Cro-Mag Rally has multiple multiplayer modes. In the original Mac version, the game allows up to six players to compete via LAN and two in a split-screen mode. A number of modes are available, such as Race, Tag, Survive, and Quest For Fire. Race is the usual mode with the players having a battle for first place. There are two versions of Tag, both being each other's opposites: Keep-Away and Stampede. Keep-Away begins with one player being "it", with the goal of being the last player standing by avoiding elimination by not being "it" and ends when all but one of the players have been eliminated by being "it" far too long. Meanwhile, in Stampede, the winner is whoever has managed to be "it" for two minutes. Survive has the players fight by slamming into each other and firing weapons until one player is left. Similar to the game Capture The Flag, Quest For Fire splits the players into two teams, trying to seize five torches from the enemies and move them to their base.

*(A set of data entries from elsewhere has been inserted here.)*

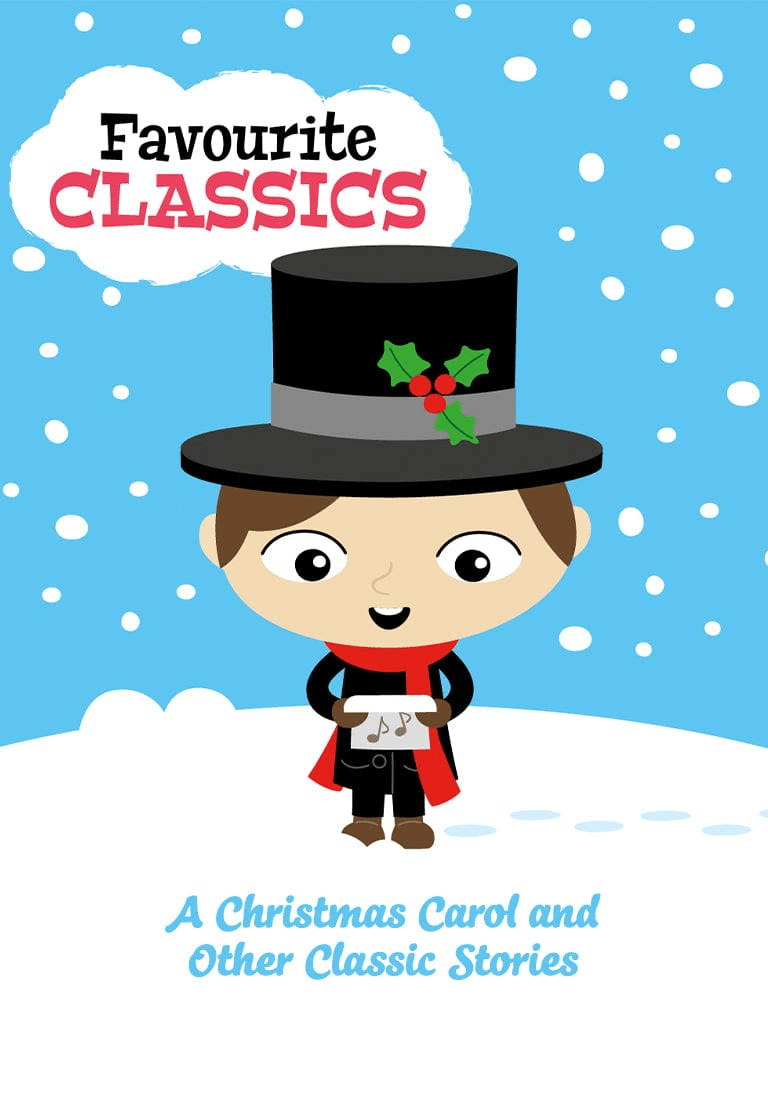 Favorite Classics: A Christmas Carol & Tales Tonie - Image 4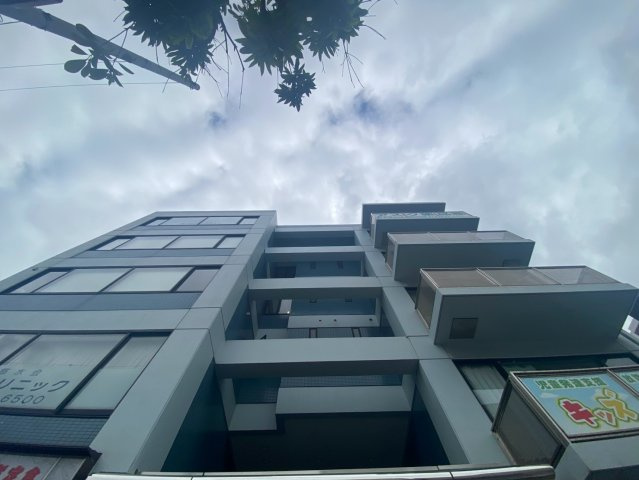 宮崎ビル１のその他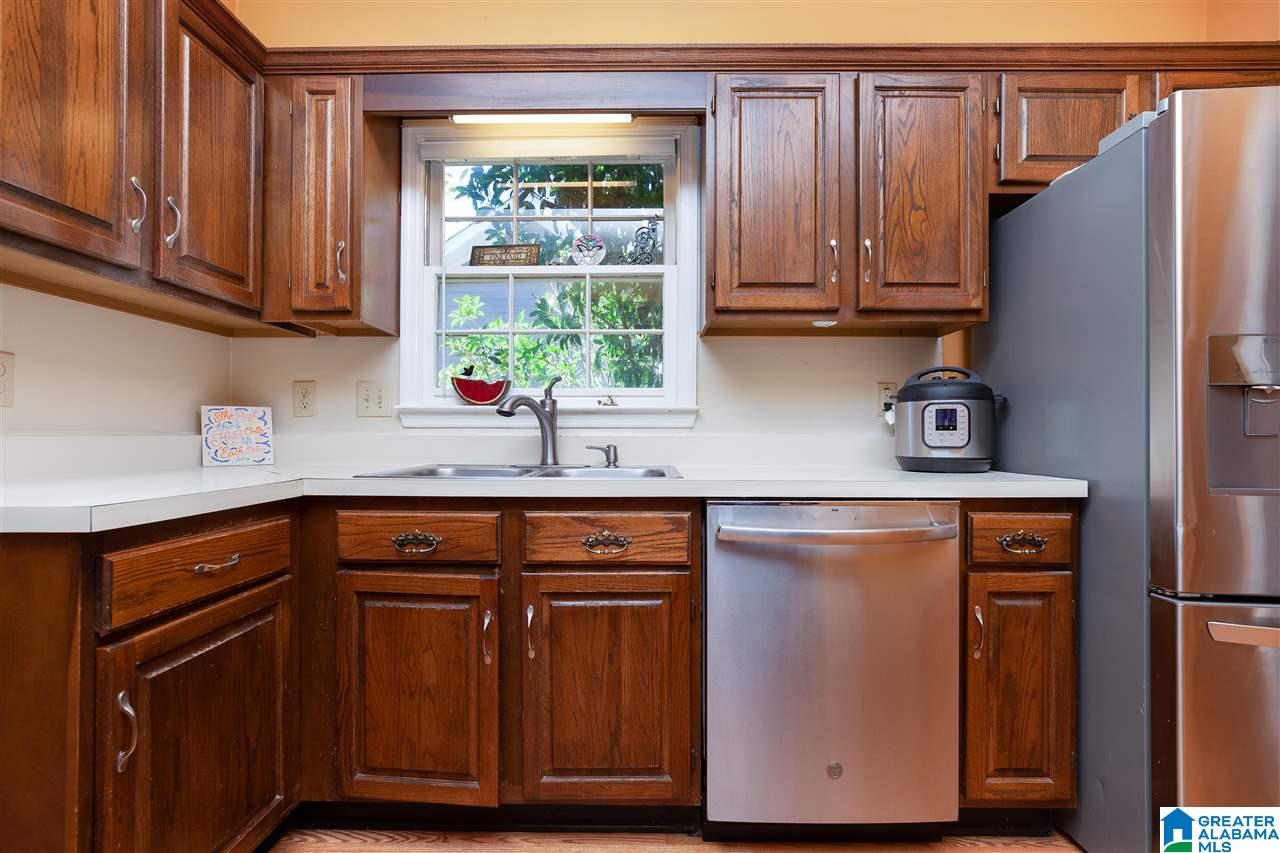 213 South Wood Road Birmingham, AL 35209 - Photo 14 of 31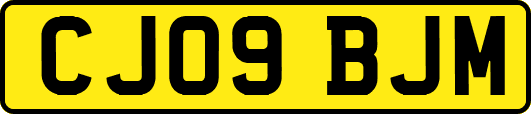 CJ09BJM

The iOS version uses the accelerometer for steering left and right, with specific touch-screen buttons for driving forwards or backwards and using weapons. A variety of options can be adjusted separately, like steering sensitivity. It has only two game modes: Race, with a focus on beating the others to the finish line, and Gather, which relies on picking up arrowheads on the track as fast as possible. Every track is unlocked by default.

== Release ==
Cro-Mag Rally initially released for Mac OS 9 in October 2000 as the third in Pangea Software's line of 3D games. After its initial Mac OS 9 release, Cro‑Mag Rally was also bundled with Apple’s consumer Mac models. In April 2002, Pangea re‑released the game as a shareware title after its commercial run and bundle period.

Following the developer's transition to focus on iOS development, a port was released for iOS in 2008. Three years later in 2011, a port for Windows Phone 7 was produced by Citizen 12 Studio. The same studio released a port for Xbox 360 in January 2012, and an updated "Extreme!" version the following month. The Citizen 12 Studio ports offered multiplayer via Xbox LIVE, while the iOS port offered four-player multiplayer via Game Center.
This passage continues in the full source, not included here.